To do:
Every line of the listing should be retyped exactly, but none of the pictures should be.

Supplied data:
--
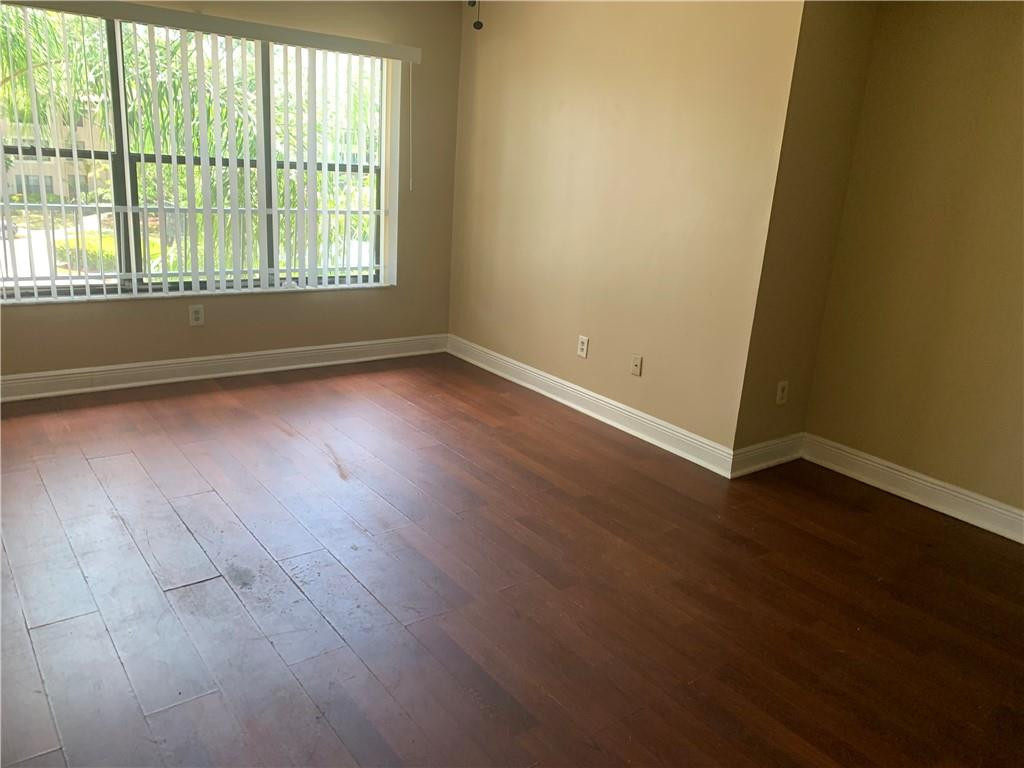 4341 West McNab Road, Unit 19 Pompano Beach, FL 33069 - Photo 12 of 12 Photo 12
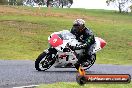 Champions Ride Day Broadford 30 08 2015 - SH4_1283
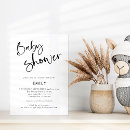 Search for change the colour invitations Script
--
Response to the task:
 4341 West McNab Road, Unit 19 Pompano Beach, FL 33069 - Photo 12 of 12 Photo 12
 Champions Ride Day Broadford 30 08 2015 - SH4_1283
 Search for change the colour invitations Script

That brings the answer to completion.